■ **Work request**
All of the data is to be restated word for word.

■ **Raw data**
☆ ☆ ☆ ☆ ☆ ☆ ☆

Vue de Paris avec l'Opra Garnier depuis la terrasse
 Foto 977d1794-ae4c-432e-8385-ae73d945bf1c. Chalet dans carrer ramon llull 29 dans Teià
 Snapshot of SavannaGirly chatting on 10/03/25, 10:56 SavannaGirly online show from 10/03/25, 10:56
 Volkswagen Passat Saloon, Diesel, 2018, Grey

☆ ☆ ☆ ☆ ☆ ☆ ☆

■ **Expected answer**
Vue de Paris avec l'Opra Garnier depuis la terrasse
 Foto 977d1794-ae4c-432e-8385-ae73d945bf1c. Chalet dans carrer ramon llull 29 dans Teià
 Snapshot of SavannaGirly chatting on 10/03/25, 10:56 SavannaGirly online show from 10/03/25, 10:56
 Volkswagen Passat Saloon, Diesel, 2018, Grey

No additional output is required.